Nachbarn

Dithmarscher in Hellblau

Von Hans-Jürgen Block 

Heide - Am Selker Noor bei Schleswig ging in den Sommerferien wieder der zweiwöchige Sommerklassiker der Dithmarscher Sportjugend ab. Mit zwei Bussen starteten 100 Kinder im Alter von acht bis 13 Jahren und 25 ehrenamtliche Betreuerinnen und Betreuer ins „Große Abenteuer für kleine Leute“. 

Im Sommerzeltlager an der Schlei bei Schleswig stand nicht nur Zelten auf dem Plan, sondern auch Spielen, Segeln, Kanufahren, Lagerfeuer, Wikingererlebnis und Abenteuersport. Nicht zu vergessen: Naturerlebnisse im Wald und an der Schlei sowie natürlich auch eine Pyjamaparty mit Disco. Seit 1956 fährt die Sportjugend in dieses Zeltlager, das seit 1948 von dem Verein Freie Turnerschaft Vorwärts aus Kronshagen bei Kiel unterhalten wird. Wie in den Vorjahren war das Zeltlager für zwei Wochen für die Dithmarscher Sportjugend und die Stadt Bargteheide reserviert, die ebenfalls 100 Kinder mit 25 Betreuern ans Selker Noor schickt.

Aus Dithmarschen waren 40 Kinder dabei, für die das Jugendferienwerk Dithmarschen die Kosten übernahm. „Ohne solche Kooperationspartner und ohne engagierte Ehrenamtliche als Betreuer läuft hier gar nichts. Und das Jugendferienwerk könnte seine Aufgabe auch nicht erfüllen. Ihr alle macht einen tollen Job hier. Das ist nicht selbstverständlich heutzutage.“ Mit diesen Worten überreichte Prof. Dr. Hans-Jürgen Block, Vorsitzender des Jugendferienwerks Dithmarschen, in Selk allen Betreuerinnen und Betreuern als Dank ein T-Shirt. „Auf der Brust der traditionelle Bus des Jugendferienwerks und auf dem Rücken das Logo der Kreissportjugend – da sieht jeder sofort, dass ihr das Dithmarschenteam seid.“

Block war an die Schlei gefahren und ließ sich von Hilke Rudolph-Schümann aus Lehe, Vorsitzende der Kreissportjugend und in Selk Organisationsleiterin, sowie Gabi Haalck aus Weddingstedt, ausgebildete Kinderkrankenschwester und Sanitäterin des Lagers, durch die verschiedenen Stationen des Zeltlagers am Rand von Wald und See führen. In der dunklen Wikingerecke gab es qualmendes Feuer und eifrige Holzschnitzer: rundum fleißige, begeisterte Jungs und Deerns.
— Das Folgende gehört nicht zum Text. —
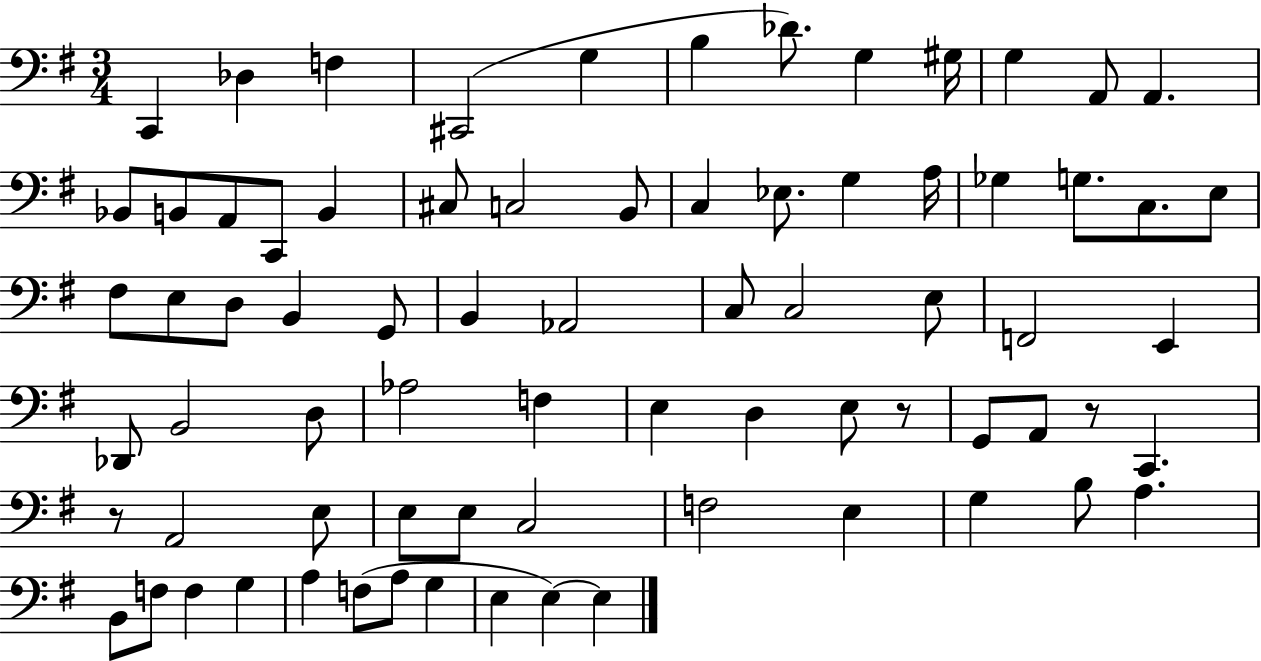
X:1
T:Untitled
M:3/4
L:1/4
K:G
C,, _D, F, ^C,,2 G, B, _D/2 G, ^G,/4 G, A,,/2 A,, _B,,/2 B,,/2 A,,/2 C,,/2 B,, ^C,/2 C,2 B,,/2 C, _E,/2 G, A,/4 _G, G,/2 C,/2 E,/2 ^F,/2 E,/2 D,/2 B,, G,,/2 B,, _A,,2 C,/2 C,2 E,/2 F,,2 E,, _D,,/2 B,,2 D,/2 _A,2 F, E, D, E,/2 z/2 G,,/2 A,,/2 z/2 C,, z/2 A,,2 E,/2 E,/2 E,/2 C,2 F,2 E, G, B,/2 A, B,,/2 F,/2 F, G, A, F,/2 A,/2 G, E, E, E,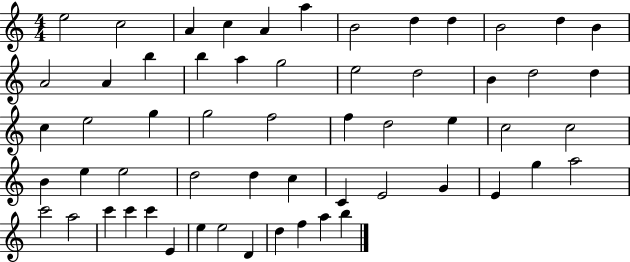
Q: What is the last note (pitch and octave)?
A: B5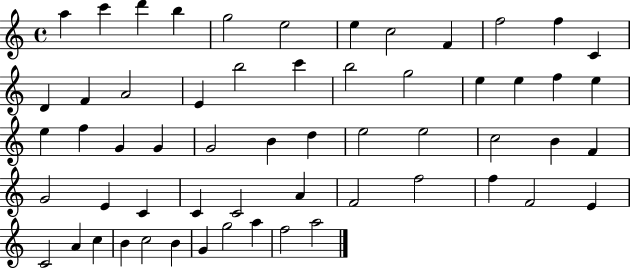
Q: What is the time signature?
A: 4/4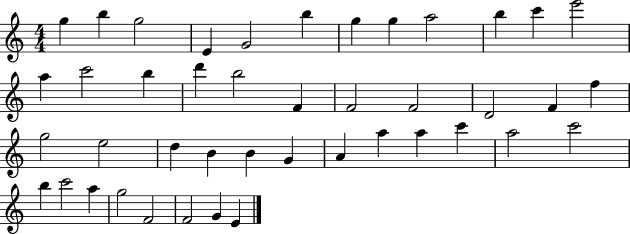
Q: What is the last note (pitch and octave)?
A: E4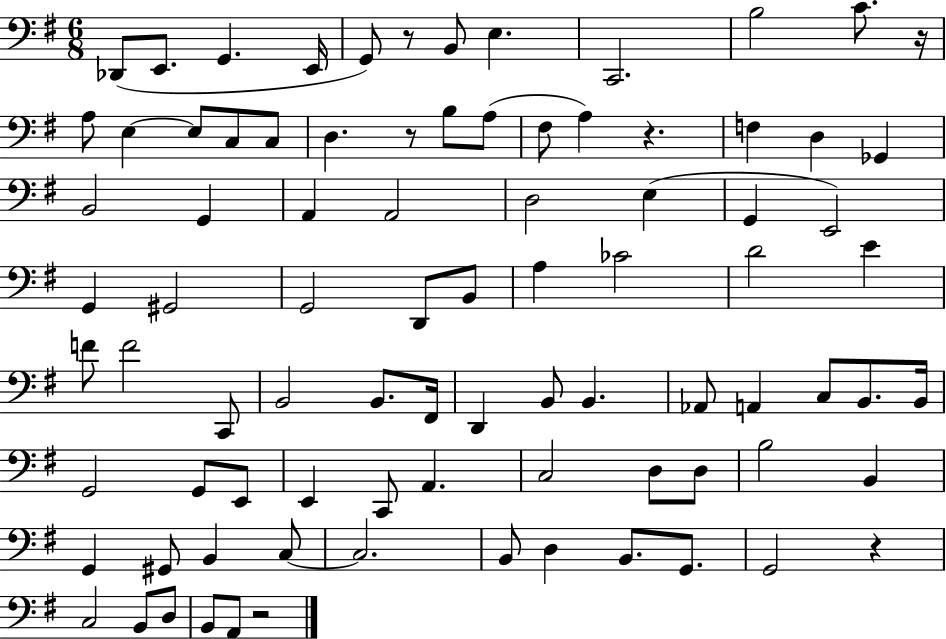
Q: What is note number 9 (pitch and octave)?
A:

Im Ökozelt daneben wurde an Traumfängern gebastelt und Brennnesselfrikadellen aus Grünzeug, Haferflocken und Eiern vorbereitet. „Nicht unbedingt meine Sache“, meinte Block. 

Rudolph-Schümann kommentierte: „Die Stimmung ist gut, die Neugierde auf die vielen unterschiedlichen Aktivitäten groß, und die Kinder toben auch mal bis zum Umfallen. Das ist auch gut so, denn ab 22 Uhr ist Lagerruhe. Was noch in Selk besonders ist: Hier wird möglichst auf Handys verzichtet. Mitgebrachte Handys liegen im Safe.“ Für das Jugendferienwerk war wichtig zu erfahren, dass das seit 2017 praktizierte neue Konzept, nach dem Ferienplätze bei Kooperationspartnern wie der Kreissportjugend „eingekauft“ werden, aufgeht. Die Kinder des Jugendferienwerks waren in Selk auf zehn Dithmarscher Zelte verteilt, und im Lager war nur dem Kernteam bekannt, wer vom Jugendferienwerk gefördert wurde.